Ankara’da üç cemevine bir şahsın yaptığı çirkin saldırıyı kendisi hariç herkes kınar ve protesto eder. İşin enteresan tarafı iki ayrı ilçede olan cemevlerinin peş peşe saldırıya uğramasıdır ve bu çirkin olayın cereyan ettiği süre de 45 dakika dolaylarındadır. Ancak saldırgana herhangi bir tepki gösterilmemiş ve müdâhale de edilmemiştir. Saldırganın destek görmeden bu işi yapması zordur. Kim bilir belki bu işin içinde de yabancı istihbarat örgütleri bulunmuş olabilir. Her şey zamanla ortaya çıkacaktır. Ankara Emniyetinin sanığı kısa sürede Eskişehir yolunda yakalaması da takdire şayandır. Emniyet teşkilatımızla iftihar etmeliyiz.

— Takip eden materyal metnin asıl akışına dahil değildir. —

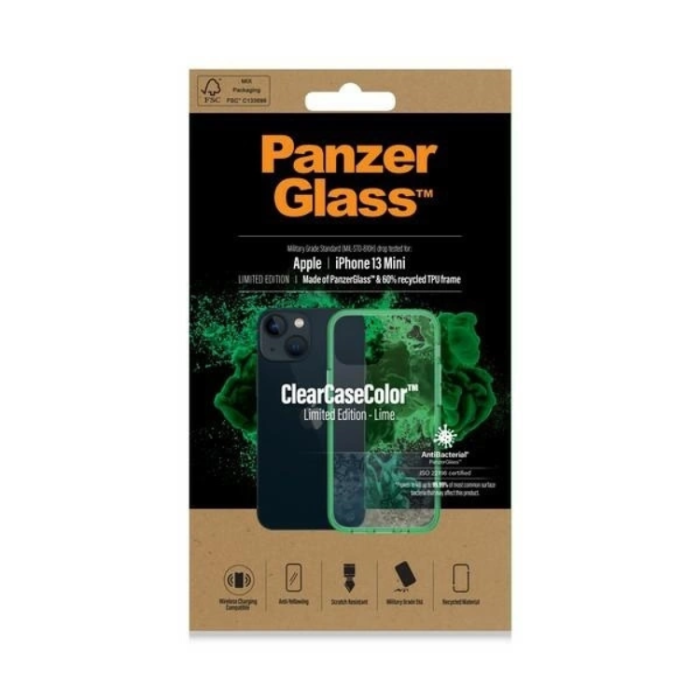 PanzerGlass - PanzerGlass iPhone 13 Mini Mobilskal Antibacterial - Transparent/Grön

Türkiye’de mezhepler üzerinde oynanan oyunlar yeni değildir; bu bakımdan vatandaşlarımız bu içten ve dıştan kumandalı tahrikler ve oyunlar karşısında çok şükür epey tecrübe de kazanmıştır. Ülkeyi karıştırıp hedeflerine varmak isteyen bir kısmı yapay dost ve müttefiklerimiz herhalde Kürt kardeşlerimizi ayrıştırma faaliyetlerinden istenen sonucu alamadıkları için şimdi sıra Anadolu Alevisi kardeşlerimize gelmiştir.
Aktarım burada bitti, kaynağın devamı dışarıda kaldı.